Oscar a le béguin de s’acheter un ciné Kodak, il en est revenu du service tout fou, alors je suis aussi d’accord. Nous allons nous payer cela peur notre Noël et alors vous recevrez des films que vous pourrez garder. Hein, Mamms ! 
Environ le 6 août nous partirons pour Bandoeng, pour nos vacances de trois semaines. Nous passerons deux semaines avec les Boese dans une petite maison de montagne, il n’y aura rien là que la grande nature, pas d’hôtel, pas de magasins, rien. On prend deux domestiques avec et nous ferons notre propre ménage. On se réjouit de faire de belles courses dans la forêt vierge. Pour cela je me fais faire de hautes bottes jusqu’au genou. Cela nous fera du bien, et il fera froid, car c’est à la hauteur de Chasseral (1600 m) que nous serons. La première semaine, du 6 au 13 août, nous la passerons ensemble quelque part dans un hôtel à Bandoeng ou n’importe où, nous ne savons pas encore, mais nous avons bien l’intention de nous payer du bon temps. Je suis contente de ne pas être ici pour nos fêtes (mariage et fête de Nelly), ainsi je n’ai pas besoin de recevoir et de m’en faire.
Je suis en train de coudre, de coudre ayant beaucoup à faire à coudre des robes, des pyjamas etc.
Je suis contente de vous savoir à Sutz de nouveau, profitez-en notre beau Sutz est unique. J’y pense souvent quand je vais me promener le long de la plage ici, cela me rappelle tant notre lac avec l’île de St Pierre. J’aime à penser que tu es couchée à ma petite place, j’en ai tant joui.

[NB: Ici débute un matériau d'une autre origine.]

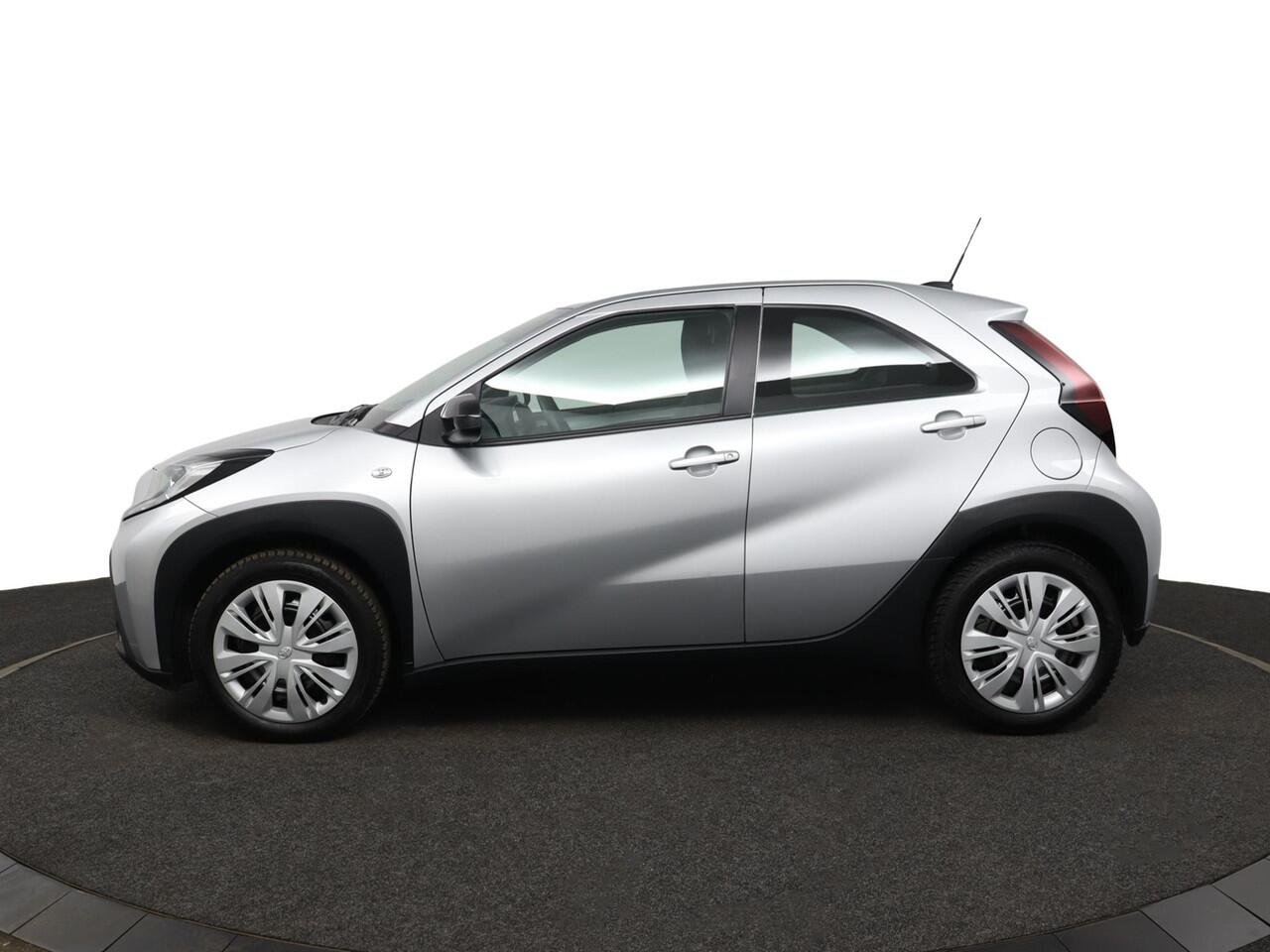 Toyota AYGO X 1.0 VVT-i MT Play | Airco | Adaptieve Cruise Control | Achteruitrijcamera | 10 Jaar garantie! |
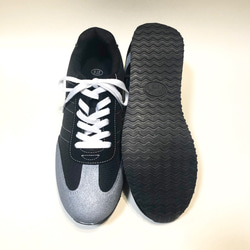 限量版[22.0〜22.5cm]輕巧時尚的不對稱雙色運動鞋（黑色x銀色） 第6張的照片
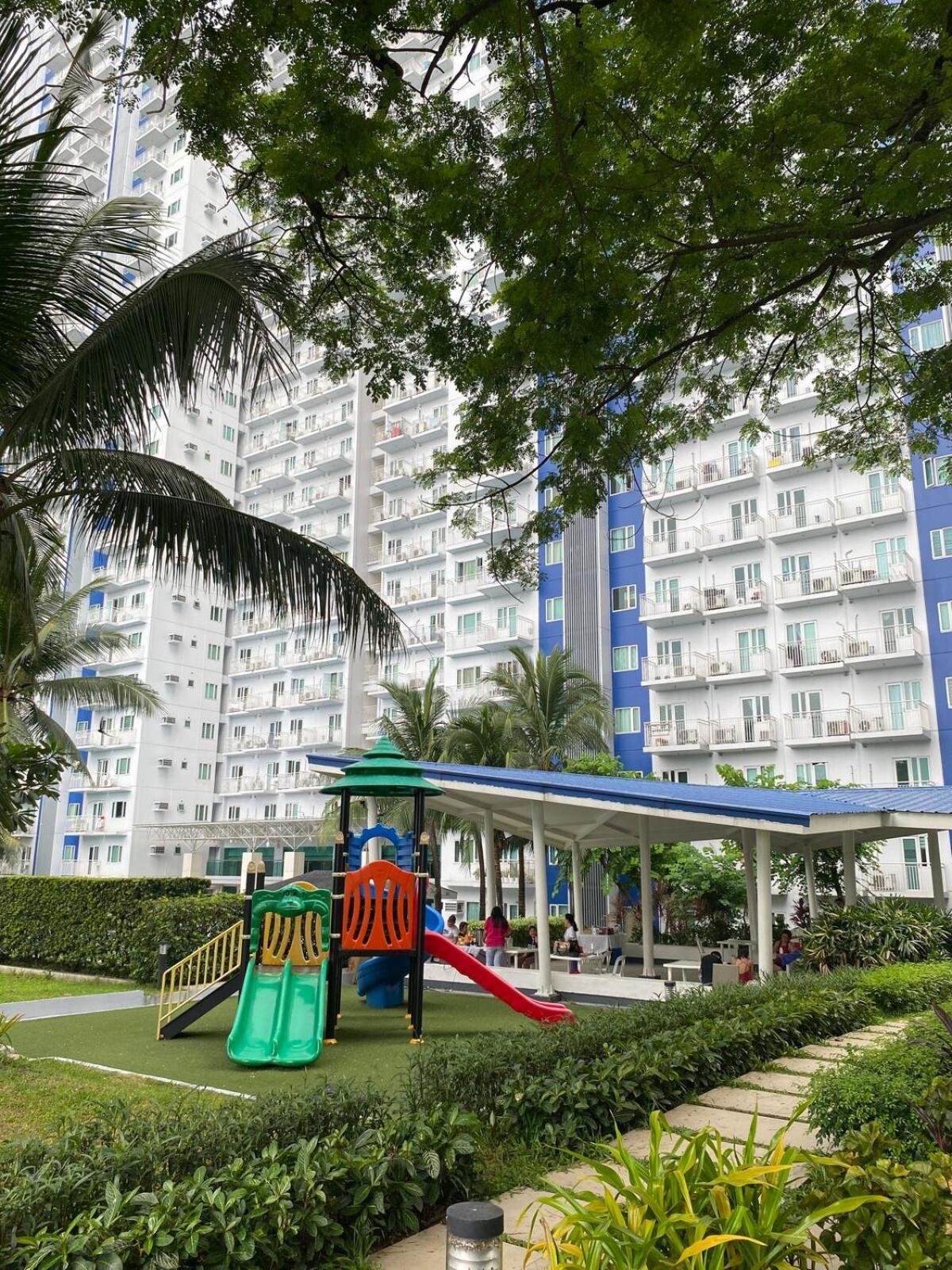 Grass Residences T3 11th Floor With Balcony *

Moi aussi j’ai planté beaucoup de zinnia ici, mais les premiers n’ont pas bien pris alors j’en ai re-semé, et aussi des petunia, des phlox etc.
Mes chers, voilà, je dois encore écrire à papa W. puisque Oscar ne veut pas le faire. Et puis j’irai chez la tailleuse avec Elly Oliemans. Ils vont partir en vacances et c’est moi qui m’occupe de sa garde robe. 

Je me fais aussi faire une shanghaï dress chez la petite tailleuse chinoise. Si elle est bien réussie je vous en enverrai une photo, tu sais une de ces robes chinoises, telles que les porte Madame Chiang Kai Shek !
Voilà mes bien chers, une lettre plus longue à la prochaine fois.